─── Exercise input

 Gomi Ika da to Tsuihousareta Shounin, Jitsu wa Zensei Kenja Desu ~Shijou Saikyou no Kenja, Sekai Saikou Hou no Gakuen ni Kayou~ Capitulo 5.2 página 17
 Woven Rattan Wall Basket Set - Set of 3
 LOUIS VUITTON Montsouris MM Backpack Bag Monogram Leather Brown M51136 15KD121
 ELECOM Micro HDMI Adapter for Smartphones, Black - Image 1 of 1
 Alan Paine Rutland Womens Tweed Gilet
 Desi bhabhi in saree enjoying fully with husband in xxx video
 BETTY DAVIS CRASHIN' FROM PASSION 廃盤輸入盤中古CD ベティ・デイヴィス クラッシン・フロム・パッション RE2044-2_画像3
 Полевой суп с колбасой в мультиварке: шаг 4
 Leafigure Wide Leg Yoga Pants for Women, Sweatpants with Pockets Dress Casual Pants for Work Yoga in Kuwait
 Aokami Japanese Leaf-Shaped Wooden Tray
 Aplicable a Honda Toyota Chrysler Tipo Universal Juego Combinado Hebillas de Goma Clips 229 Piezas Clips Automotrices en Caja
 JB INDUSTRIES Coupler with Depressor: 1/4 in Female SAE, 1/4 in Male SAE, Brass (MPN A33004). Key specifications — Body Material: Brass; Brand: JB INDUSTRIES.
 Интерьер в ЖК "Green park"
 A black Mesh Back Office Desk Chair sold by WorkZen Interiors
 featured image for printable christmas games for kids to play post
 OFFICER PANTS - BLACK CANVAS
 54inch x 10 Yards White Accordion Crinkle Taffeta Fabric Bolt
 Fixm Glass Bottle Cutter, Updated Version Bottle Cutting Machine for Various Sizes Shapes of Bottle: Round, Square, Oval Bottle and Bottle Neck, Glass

──────

■ Exercise
Please output exactly the lines between the one holding "Aplicable a Honda" and the one holding "54inch x 10" in the records above, inclusive, and nothing more.

■ Output for this task
 Aplicable a Honda Toyota Chrysler Tipo Universal Juego Combinado Hebillas de Goma Clips 229 Piezas Clips Automotrices en Caja
 JB INDUSTRIES Coupler with Depressor: 1/4 in Female SAE, 1/4 in Male SAE, Brass (MPN A33004). Key specifications — Body Material: Brass; Brand: JB INDUSTRIES.
 Интерьер в ЖК "Green park"
 A black Mesh Back Office Desk Chair sold by WorkZen Interiors
 featured image for printable christmas games for kids to play post
 OFFICER PANTS - BLACK CANVAS
 54inch x 10 Yards White Accordion Crinkle Taffeta Fabric Bolt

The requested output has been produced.